Het wordt steeds drukker in de openbare ruimte. In het gevecht om de openbare ruimte wordt elke millimeter benut.

Hij schetste een beeld van de Amsterdamse binnenstad waarin het gevecht om de openbare ruimte steeds heviger is geworden, en waar bewoners en ondernemers hun domein uitbreiden met fysieke middelen. Tegelijk eigenen groepen bezoekers, jongeren, uitgaanders of toeristen zich gedeelten van de openbare ruimte toe (kolonisering). En dan is er nog de privatisering door het afsluiten van steegjes, doorgangen, pleintjes, stukken van straten of binnenterreinen. Ook het plaatsen van bloembakken, het aanleggen van particuliere terrassen, en het aanbrengen van hekken en slagbomen vallen daaronder. De balans is zoekgeraakt. Bewoners en werkers voelen zich soms buitengesloten en lijken outsiders en figuranten te worden in hun eigen woon- en werkplaats.
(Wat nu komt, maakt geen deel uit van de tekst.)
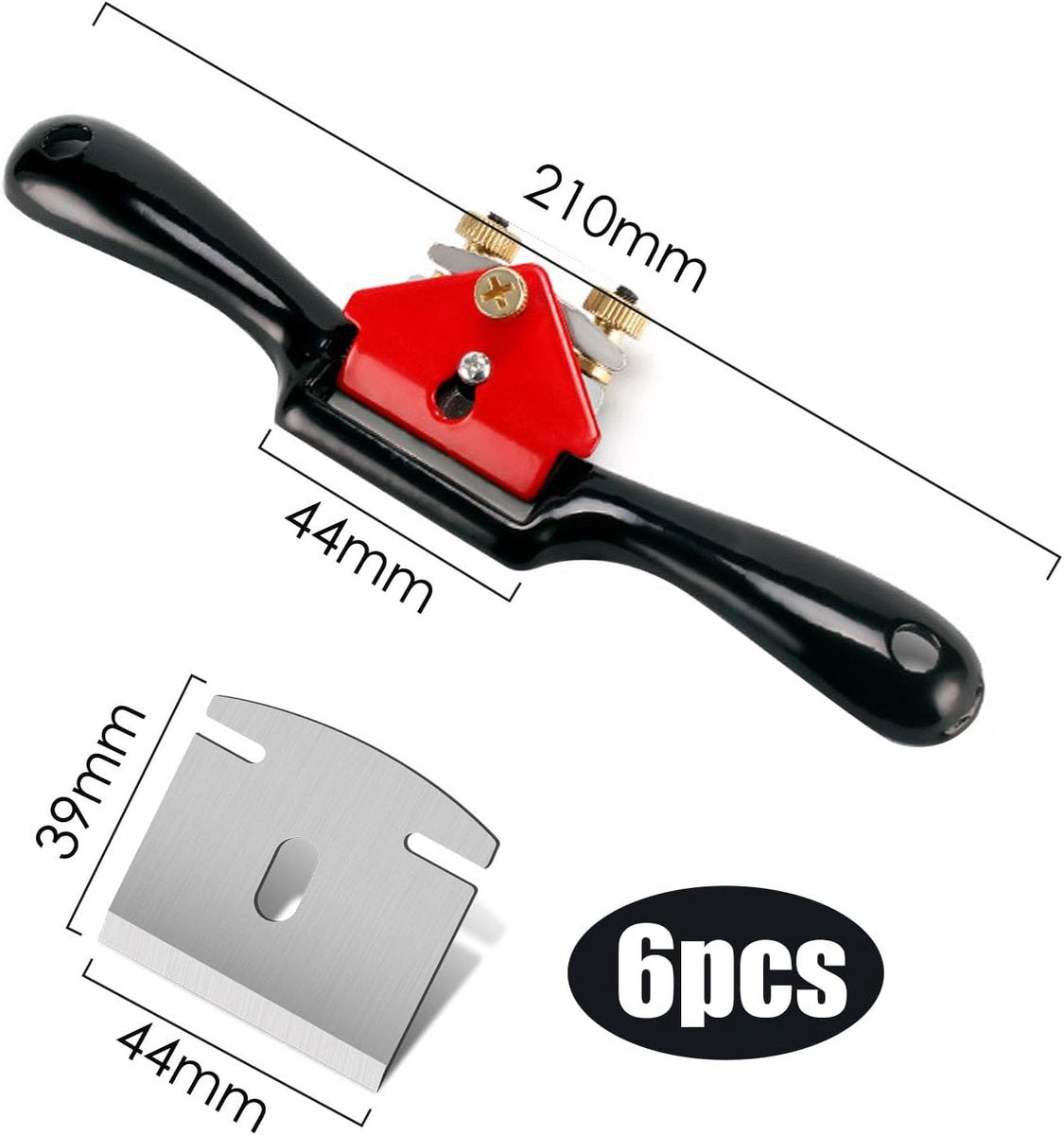 Spoke Plane Flat 210 mm - Spoke Plane - Block Plane - Hand Block Plane - Angle Plane - Hand Planers - Wood Planing - Wood - Woodworking - Edge - Rust-resistant - With 6 Planer Blades - Adjustable Spoke Planer With Screws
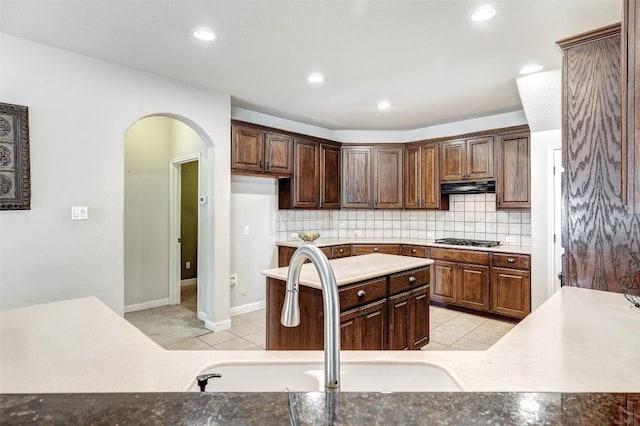 1102 Canyon Maple Rd, Pflugerville, TX 78660 - kitchen featuring gas stovetop, extractor fan, arched walkways, a sink, and tasteful backsplash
Leon Deben toonde met cijfers aan dat de binnenstadbewoners niet overdrijven als ze het over de toenemende drukte in de binnenstad hebben en dat hun klachten niet weggewuifd kunnen worden met de opmerking dat ze dan maar niet in de binnenstad hadden moeten wonen. “Je weet dat het soms druk is in de binnenstad”, wordt dan gezegd. Degene die zo denigrerend over de klachten heenwalst, beseft kennelijk niet dat het woonklimaat ingrijpend is veranderd. Leon Deben: “De binnenstad is niet alleen uitgaansstad, toeristenstad, woonstad en werkstad geworden, maar tevens een gigantisch winkelcentrum. Bijna een derde van alle Amsterdamse winkels is in de binnenstad gevestigd. Bovendien bevindt zich in de binnenstad meer dan de helft van alle Amsterdamse theaters, bioscopen en podia.”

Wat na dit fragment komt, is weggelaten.